EU fined the American confectionery giant Mondelez for EUR 337.5 million

Kyiv  •  UNN

May 23 2024, 01:45 PM • 14664 views

The European Commission fined Mondelez EUR 337.5 million for anti-competitive behavior.

The European Commission has fined the American confectionery giant Mondelez €337.5 million for anti-competitive behavior in artificially inflating food prices and exacerbating the cost of living crisis in the EU, the European institution said on Thursday, UNN reports citing Euractiv.

Details

European Competition Commissioner Margrethe Vestager said that the food giant, which owns several household brands including Cadbury, Oreo and Cote d'Or, illegally restricted cross-border trade and abused its dominant position in the chocolate market from 2006 to 2020.

According to a European Commission investigation that began in 2019, "[Mondelez] restricts cross-border trade in chocolate, biscuits, and coffee products within the European Union," Vestager said.

"[It] unlawfully restricted retailers from sourcing these products from EU member states where prices are lower, and this allowed Mondelēz to maintain higher prices. This caused damage to consumers, who ended up paying more for chocolate, cookies and coffee," she said.
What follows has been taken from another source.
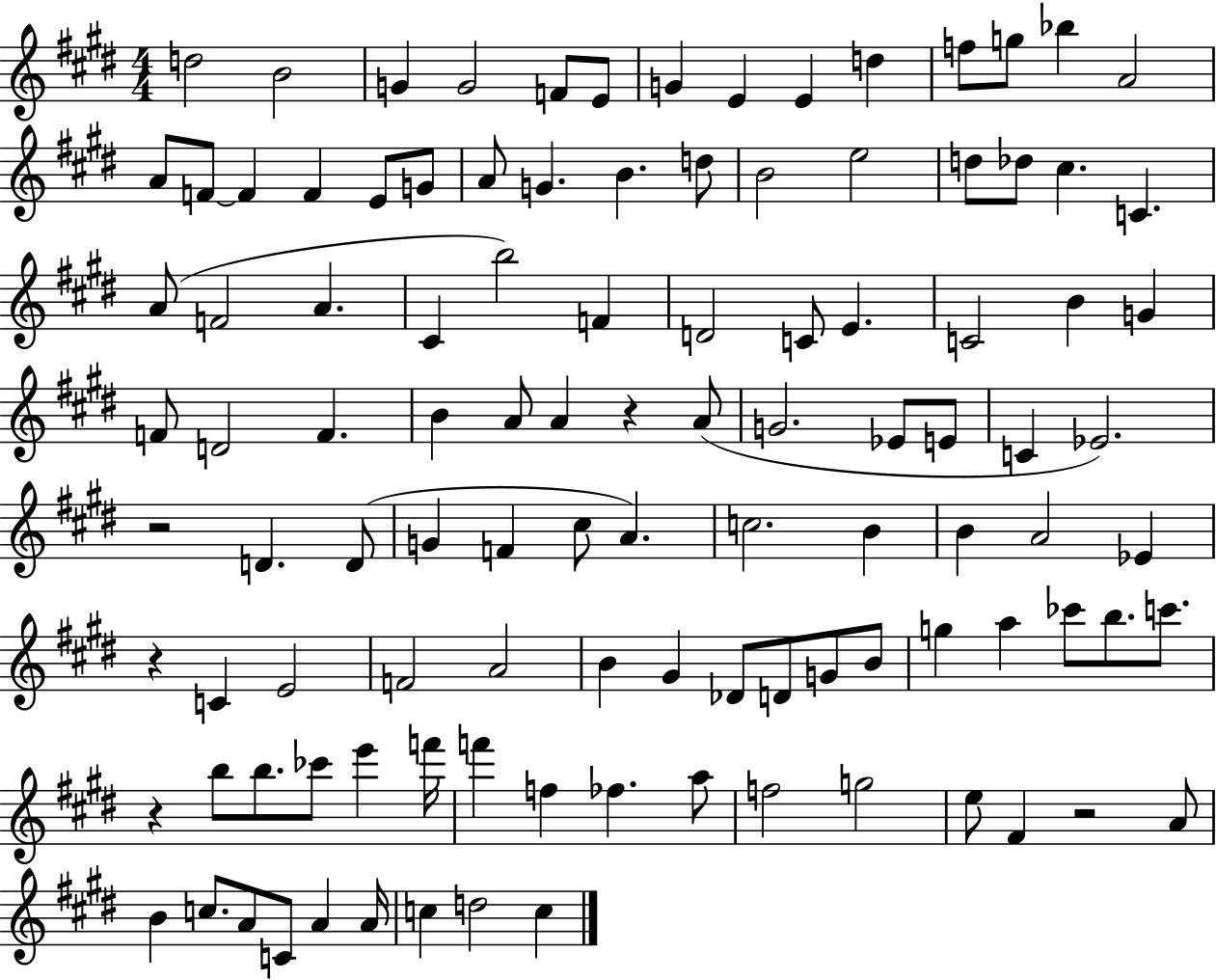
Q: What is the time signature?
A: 4/4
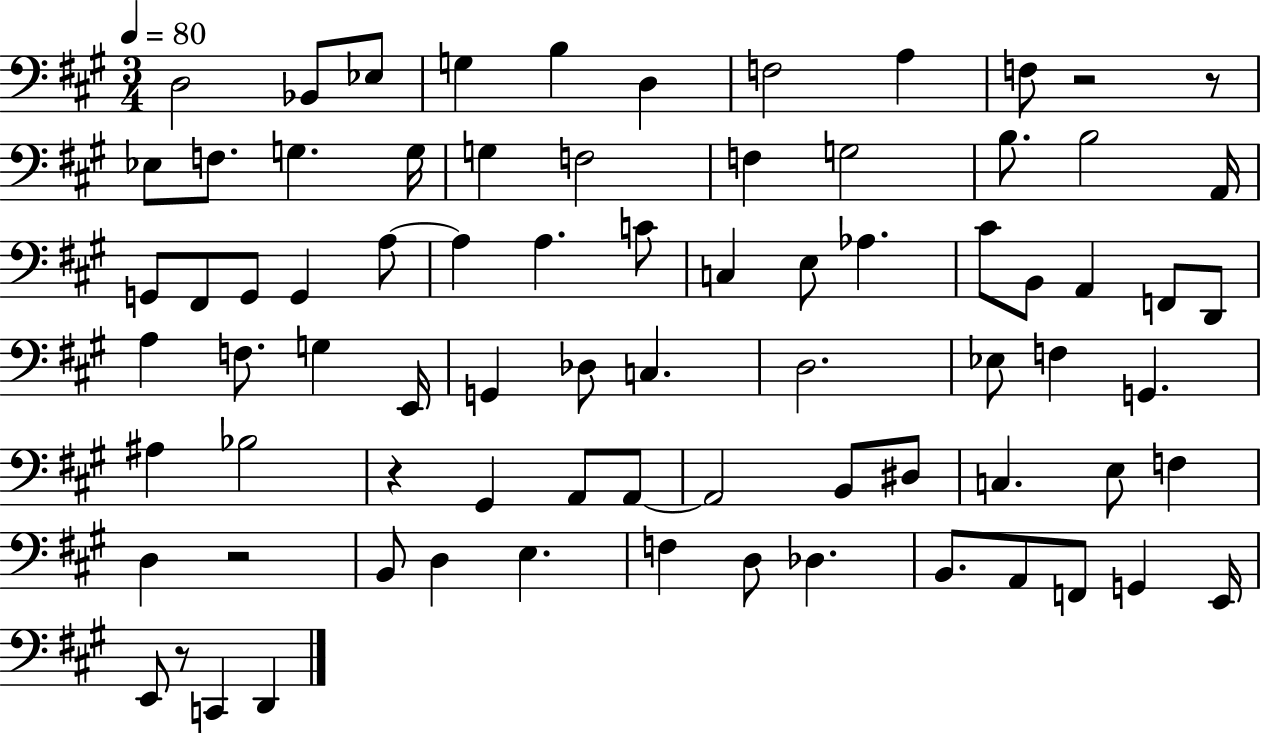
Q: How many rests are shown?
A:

Vestager added that Mondelēz's attempts to limit so-called "parallel" trade - where traders buy products in low-price regions to resell them in higher-price areas - violate the EU's "fundamental freedom" of barrier-free cross-border trade.

She pointed out that Mondelēz's anticompetitive practices have exacerbated financial anxiety among EU citizens at a time when many are still suffering from the impact of high inflation and a widespread cost-of-living crisis.

The crisis in the cost of living of EU citizens, as the publication points out, is taking place against the backdrop of huge profits in many large corporate sectors: Mondelez itself reported a gross profit of $13.8 billion in 2023.

In a statement, Mondelez said that the European Commission's decision "concerns historical, isolated incidents, most of which were stopped or eliminated long before the European Commission's investigation began.

"This historical issue does not reflect who we are and the strong compliance culture we strive for," the company added.